For Love of Money!
“[Hashem told Moshe to] “COMMAND” Aharon and his children about the laws of the korban Olah…” (Vayikrah 6:2)
Rashi questions the terminology used by Hashem. In most instances, Moshe was instructed to “speak to” Aharon. Yet here it says “command”. Why? Rashi explains that the word “command” was used to give Aharon and his descendants extra encouragement and reinforcement to do this mitzvah. Rabbi Shimon said that extra encouragement was needed in situations that involve monetary loss. Unlike other korbanos (sacrifices), the korban Olah was totally burnt on the altar, and the Kohanim did not receive any benefit from its meat. Thus, it was a loss of money for them.
The obvious question is, why would such a tzadik as Aharon, need the extra encouragement? Would love of money cause him to refuse to bring a korban Olah?? We see in Parshas Behaloscha that Aharon was saddened that neither he nor his shevet (tribe) was asked to participate in the dedication of the Mishkan (Tabernacle). Only when Hashem told Aharon that he would have a more important job – of lighting the Menorah, did Aharon feel better. That was because Aharon cherished doing mitzvos. If mitzvos were so beloved by him, why did he need the extra encouragement to sacrifice the korban Olah?

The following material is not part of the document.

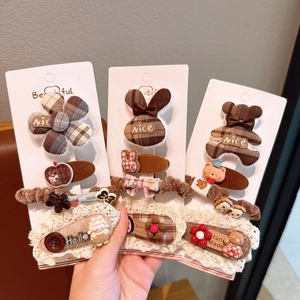 Detail of plaid fabric bows and resin animal charms on hair clips and scrunchies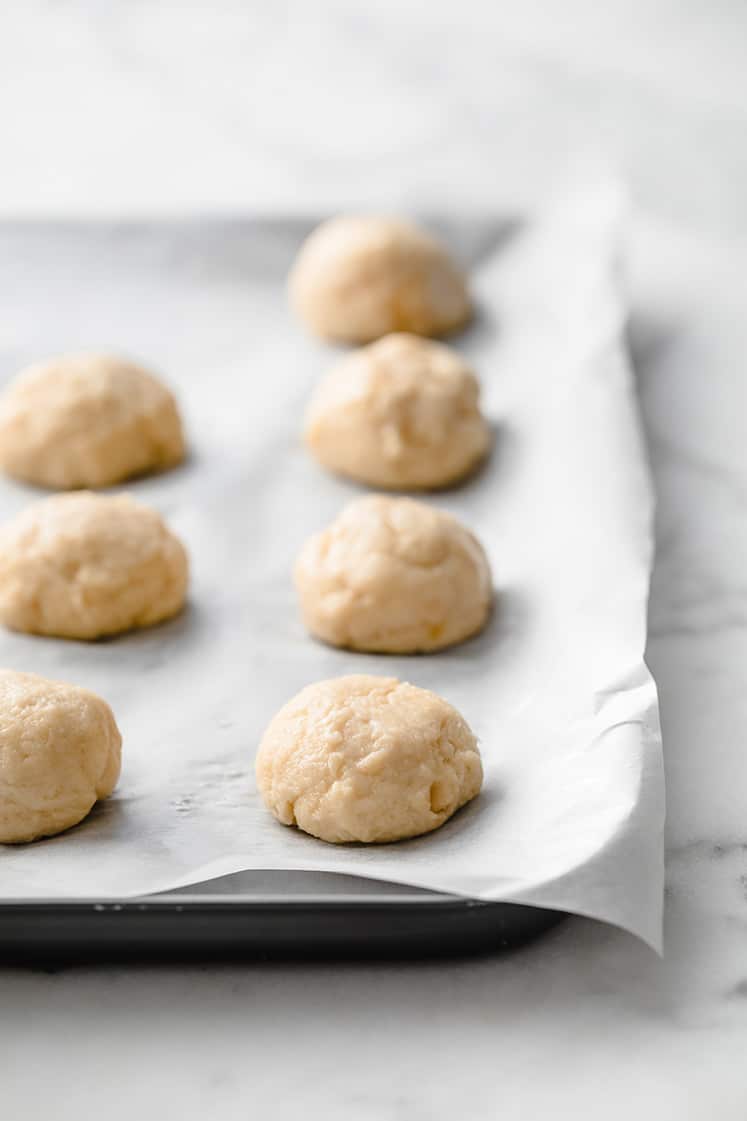 dough balls lined up on a baking pan lined with parchment paper atop a marble kitchen counter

The fact that Aharon still needed the extra encouragement, teaches us the power that money has over us. We all have an inborn desire for money. Even a great and holy person such as Aharon could be slightly affected by that desire. That could cause him to hesitate ever so slightly before sacrificing a korban Olah. Certainly, this desire for money can impact the rest of us. It can cause us to rationalize less than honest behavior. What a difficult challenge we have!
There’s a story of a vicious anti-Semite who hated Jews, without ever having met a Jew. Once, he had business dealings with a specific individual and was impressed by that person’s integrity and helpfulness. When that person told him he was a Jew, the anti-Semite couldn’t believe it. Sometime later, the anti-Semite visited the Jew and thanked him for changing his perspective about all Jews. He was now a lover of Jews.
In Rabbi Yaakov Kaminetsky’s town in Europe, a Jew made a Kiddush Hashem by returning the extra change given to him by the postmaster. The postmaster thought it was a fluke. He started testing other Jews by intentionally giving them extra change. They all returned the extra money. Their actions made such a great Kiddush Hashem. When the Nazis entered the town, there was only one non-Jew who worked tirelessly to save Jews. It was the postmaster!
We must be so careful in our business dealings or any dealings involving money. We must always have integrity in our business dealings with both Jews and non-Jews.